DATA EXTRACT START
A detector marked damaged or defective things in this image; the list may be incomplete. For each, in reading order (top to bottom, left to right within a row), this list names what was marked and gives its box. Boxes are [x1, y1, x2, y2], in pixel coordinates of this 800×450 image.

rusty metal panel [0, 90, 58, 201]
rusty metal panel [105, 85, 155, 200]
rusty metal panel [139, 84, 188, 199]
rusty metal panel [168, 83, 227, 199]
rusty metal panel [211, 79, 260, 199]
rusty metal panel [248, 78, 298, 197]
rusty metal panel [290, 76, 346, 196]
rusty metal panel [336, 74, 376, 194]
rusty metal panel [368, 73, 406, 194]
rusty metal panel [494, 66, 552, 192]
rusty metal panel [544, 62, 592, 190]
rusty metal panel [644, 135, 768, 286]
DATA EXTRACT END
■ **TRY IT**:
Output the records in full. Keep every character as it is.

■ **COMPLETED TASK**:
A detector marked damaged or defective things in this image; the list may be incomplete. For each, in reading order (top to bottom, left to right within a row), this list names what was marked and gives its box. Boxes are [x1, y1, x2, y2], in pixel coordinates of this 800×450 image.

rusty metal panel [0, 90, 58, 201]
rusty metal panel [105, 85, 155, 200]
rusty metal panel [139, 84, 188, 199]
rusty metal panel [168, 83, 227, 199]
rusty metal panel [211, 79, 260, 199]
rusty metal panel [248, 78, 298, 197]
rusty metal panel [290, 76, 346, 196]
rusty metal panel [336, 74, 376, 194]
rusty metal panel [368, 73, 406, 194]
rusty metal panel [494, 66, 552, 192]
rusty metal panel [544, 62, 592, 190]
rusty metal panel [644, 135, 768, 286]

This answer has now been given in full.